__PROVIDED RECORDS__

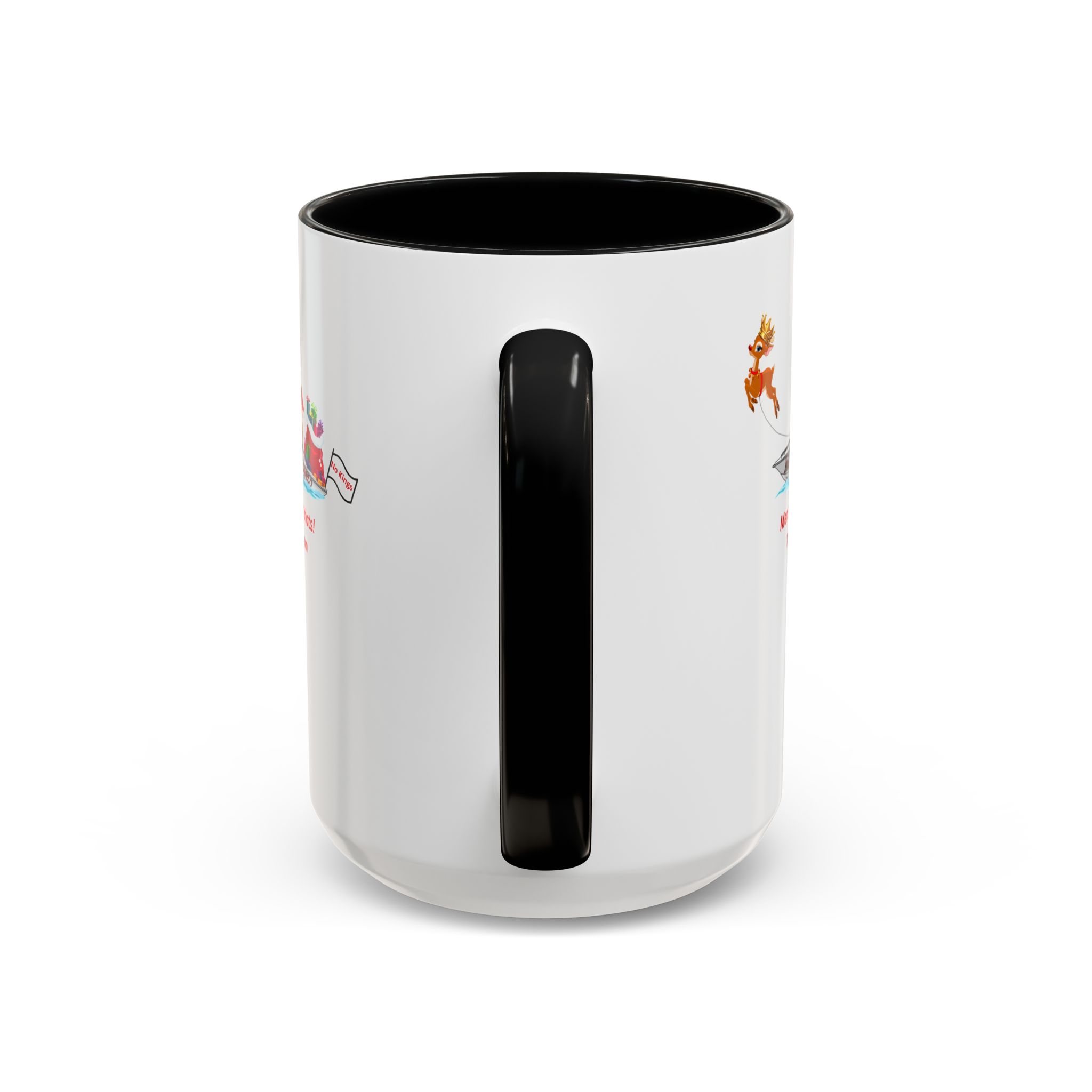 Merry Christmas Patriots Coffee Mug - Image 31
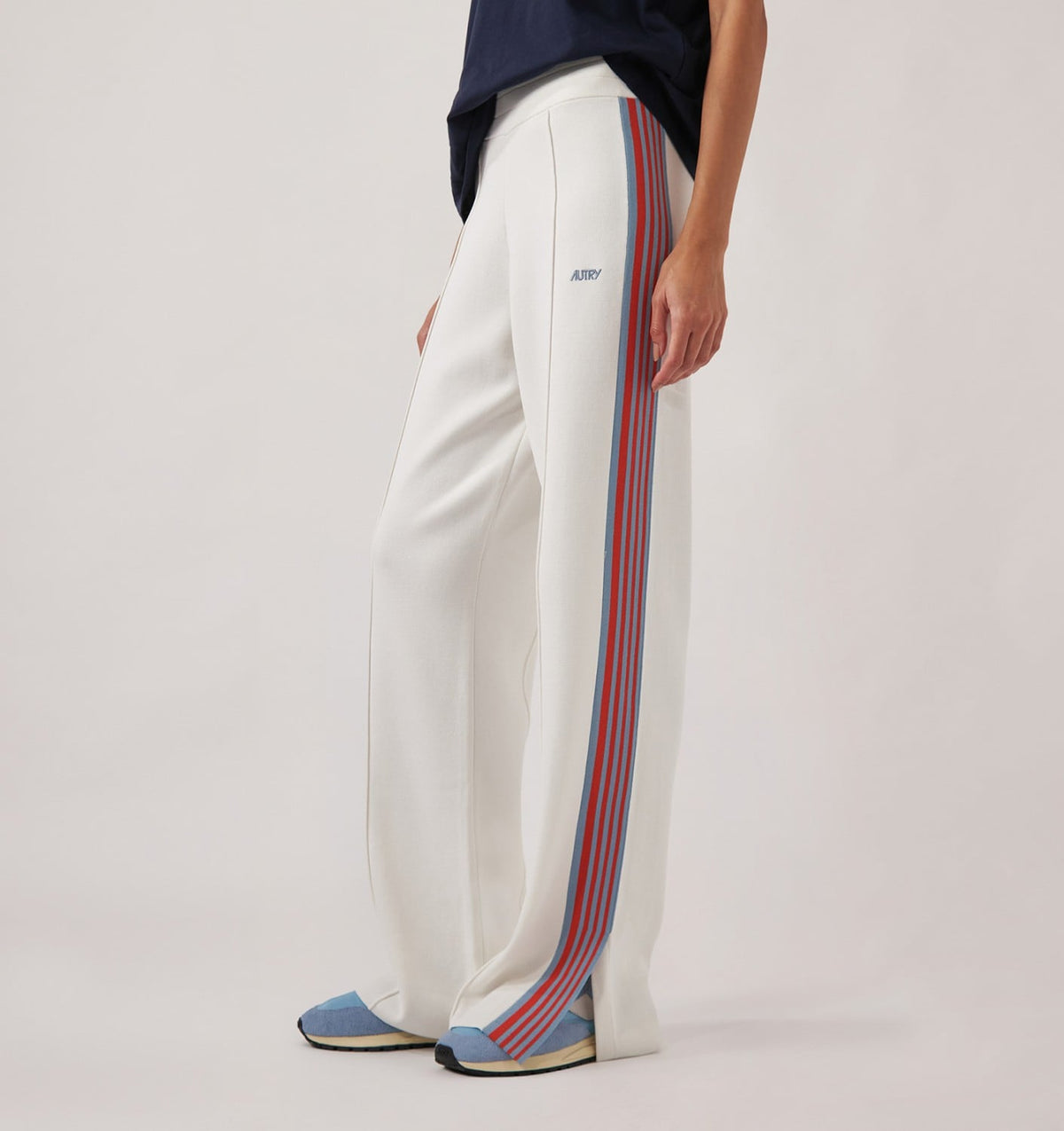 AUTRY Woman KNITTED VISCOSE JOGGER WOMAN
---
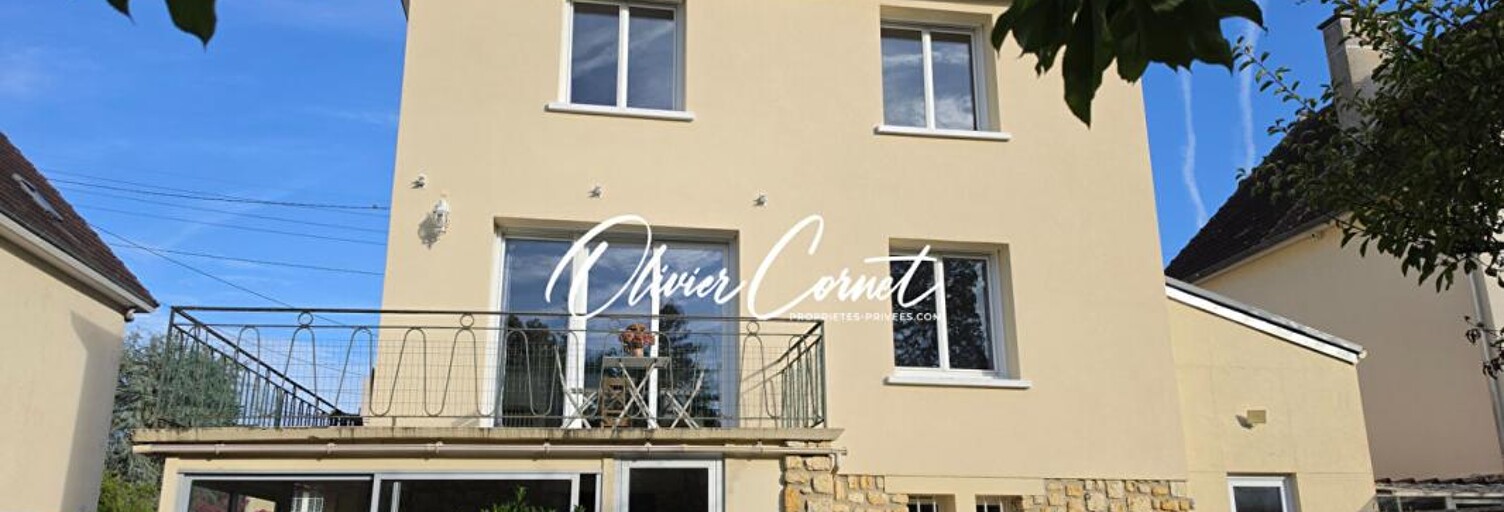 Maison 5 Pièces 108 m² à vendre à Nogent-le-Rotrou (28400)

__BRIEF__
In the listing above, find the line with "Merry Christmas Patriots" and the line with "AUTRY Woman KNITTED VISCOSE JOGGER WOMAN". Copy exactly those two and every line between, without the pictures.

__EXERCISE ANSWER__
 Merry Christmas Patriots Coffee Mug - Image 31
 AUTRY Woman KNITTED VISCOSE JOGGER WOMAN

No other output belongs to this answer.